### Your objective:
Start at the line in the entries below that contains "Unisex T-Shirt - Standing around - navy", stop at the line that contains "CARTOON Trolley da", and output exactly the lines in that span, both ends included.

[Data records]
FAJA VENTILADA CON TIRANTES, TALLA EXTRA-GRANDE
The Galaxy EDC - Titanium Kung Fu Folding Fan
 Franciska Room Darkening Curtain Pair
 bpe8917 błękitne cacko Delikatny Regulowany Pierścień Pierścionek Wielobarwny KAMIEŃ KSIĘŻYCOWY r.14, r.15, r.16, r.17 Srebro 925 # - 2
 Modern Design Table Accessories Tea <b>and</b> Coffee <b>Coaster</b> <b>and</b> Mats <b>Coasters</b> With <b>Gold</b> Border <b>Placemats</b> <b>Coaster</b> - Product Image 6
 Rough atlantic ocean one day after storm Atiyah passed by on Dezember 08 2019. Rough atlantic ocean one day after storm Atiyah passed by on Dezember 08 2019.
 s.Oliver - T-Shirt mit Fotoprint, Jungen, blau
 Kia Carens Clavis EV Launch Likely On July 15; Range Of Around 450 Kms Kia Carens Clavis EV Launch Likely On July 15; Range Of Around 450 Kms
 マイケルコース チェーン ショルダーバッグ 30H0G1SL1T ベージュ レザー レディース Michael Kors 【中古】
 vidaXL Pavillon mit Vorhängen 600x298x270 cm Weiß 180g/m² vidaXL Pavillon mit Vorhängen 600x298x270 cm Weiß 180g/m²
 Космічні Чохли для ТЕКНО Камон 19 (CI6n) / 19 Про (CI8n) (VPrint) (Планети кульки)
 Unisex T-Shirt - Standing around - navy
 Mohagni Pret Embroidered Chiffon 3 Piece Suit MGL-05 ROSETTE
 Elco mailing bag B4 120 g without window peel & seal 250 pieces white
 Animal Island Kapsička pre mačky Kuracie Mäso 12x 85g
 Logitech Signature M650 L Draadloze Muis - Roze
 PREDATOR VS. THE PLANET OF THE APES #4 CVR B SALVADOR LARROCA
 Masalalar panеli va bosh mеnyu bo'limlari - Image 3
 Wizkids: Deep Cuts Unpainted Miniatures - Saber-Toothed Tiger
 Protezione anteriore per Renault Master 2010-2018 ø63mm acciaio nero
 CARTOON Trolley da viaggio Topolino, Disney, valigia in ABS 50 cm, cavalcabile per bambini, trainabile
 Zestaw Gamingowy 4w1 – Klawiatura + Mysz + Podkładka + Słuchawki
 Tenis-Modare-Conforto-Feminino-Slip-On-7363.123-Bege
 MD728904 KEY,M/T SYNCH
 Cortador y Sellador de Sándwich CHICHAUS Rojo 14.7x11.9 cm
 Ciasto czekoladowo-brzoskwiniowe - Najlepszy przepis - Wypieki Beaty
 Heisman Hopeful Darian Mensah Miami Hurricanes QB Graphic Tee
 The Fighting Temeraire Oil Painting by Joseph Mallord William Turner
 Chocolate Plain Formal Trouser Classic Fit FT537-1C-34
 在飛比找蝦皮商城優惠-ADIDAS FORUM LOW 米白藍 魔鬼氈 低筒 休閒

### Exercise answer:
 Unisex T-Shirt - Standing around - navy
 Mohagni Pret Embroidered Chiffon 3 Piece Suit MGL-05 ROSETTE
 Elco mailing bag B4 120 g without window peel & seal 250 pieces white
 Animal Island Kapsička pre mačky Kuracie Mäso 12x 85g
 Logitech Signature M650 L Draadloze Muis - Roze
 PREDATOR VS. THE PLANET OF THE APES #4 CVR B SALVADOR LARROCA
 Masalalar panеli va bosh mеnyu bo'limlari - Image 3
 Wizkids: Deep Cuts Unpainted Miniatures - Saber-Toothed Tiger
 Protezione anteriore per Renault Master 2010-2018 ø63mm acciaio nero
 CARTOON Trolley da viaggio Topolino, Disney, valigia in ABS 50 cm, cavalcabile per bambini, trainabile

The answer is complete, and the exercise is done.